Por: John Fernando Restrepo Tamayo
Tiene razón el ELN cuando anuncia, por medio de sus lugartenientes, que Colombia es un país patasarriba. Un país en que la economía de mercado traza la suerte electoral y la vida cotidiana, siempre en favor de una clase dominante. Le asiste toda la razón al denunciar las condiciones tan frágiles con las que nuestro Gobierno negocia un TLC y el facilismo con el que concede títulos de explotación minera a multinacionales. Acierta en denunciar los efectos colaterales producidos por la deforestación ambiental. Acierta en evidenciar toda la lógica de prostitución infantil y paramilitarización que circunda en buena parte del mundo minero. Acierta en su reclamo vehemente por la necesidad que requiere el país de adoptar una política agraria y agrícola a fondo que ponga fin a la brecha abismal que separa a unas pocas ciudades con el resto de país en el que no hay agua potable, electricidad o vías pavimentadas.

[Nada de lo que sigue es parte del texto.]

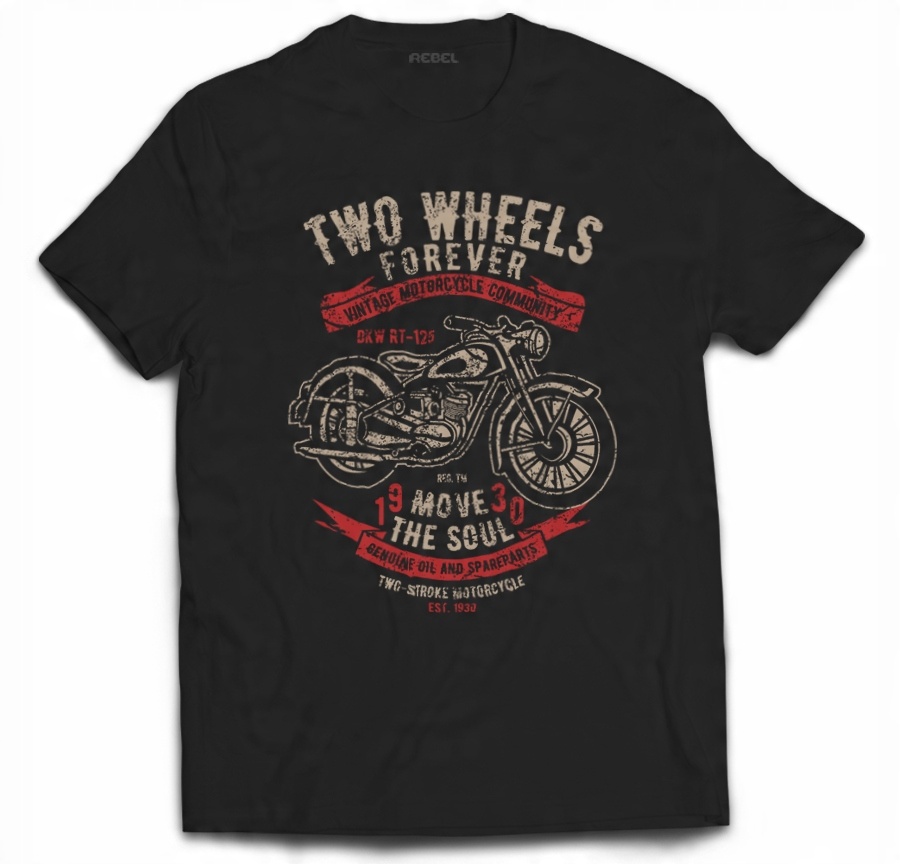 

Tshirt motocykl motor wheels vintage fan 4XL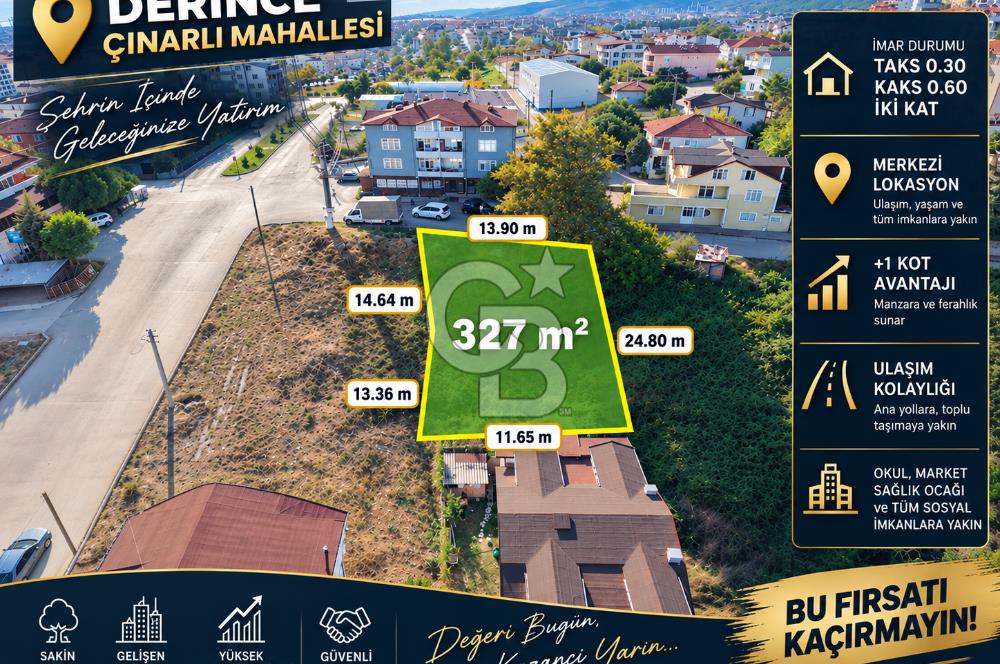 DERİNCE ÇINARLI'DA 327 M² SATILIK İMARLI ARSA | +1 KOT AVANTAJI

El ELN hace una radiografía impecable de los usos y abusos de la clase dirigente. De políticos indolentes y banqueros mezquinos. Pero se equivoca en el medio porque sigue creyendo que la lucha armada es legítima y necesaria. Quiere creer y hacernos creer que su vínculo con el narcotráfico es solo un medio de financiación de un proyecto político emancipatorio.
Se equivoca en hablar de voluntad negociadora y acto seguido desata su locura matando policías, tumbando torres eléctricas y prendiendo fuego a los camiones en plena vía pública.
Se equivoca en el medio porque la información que le llega a la opinión pública los pone contra las cuerdas, le hace perder la confianza y dirige la intención de voto hacia los cercos políticos que no tienen voluntad negociadora sino vocación militar.
El ELN nos está dejando solos a quienes creemos en una salida negociada. Nos deja sin argumentos para defender la exigencia que pudiera hacérsele al Gobierno para que conserve sus asientos en la mesa de Quito. Con sus actos demenciales caricaturiza cualquier opción de negociación.
Sus actos son erráticos porque la opinión pública está confundida. No les cree y teme convertir a Quito en un nuevo Caguán. El ELN tiene que dirigir, con urgencia, toda su habilidad para hacer diagnósticos sociales, en acciones coherentes que permitan avanzar hacia una transformación de la confrontación social. Debe saber que una democracia en construcción exige coherencia entre el discurso y la acción.
Es lo mínimo que podemos esperar y que debemos exigir de un grupo rebelde que desde sus estatutos se ha caracterizado por reclutar cuadros y actores que oscilan entre las armas del monte y las milicias urbanas que tienen asiento en significativos escenarios académicos. Es hora de ajustar cuentas con su propia historia. La historia en la que intelectuales, campesinos, líderes sindicales y sacerdotes han confiado en que Colombia debe tener una ruta de progreso en una dirección incluyente, y al día de hoy, sin actor armado alguno alterno al constitucionalmente establecido.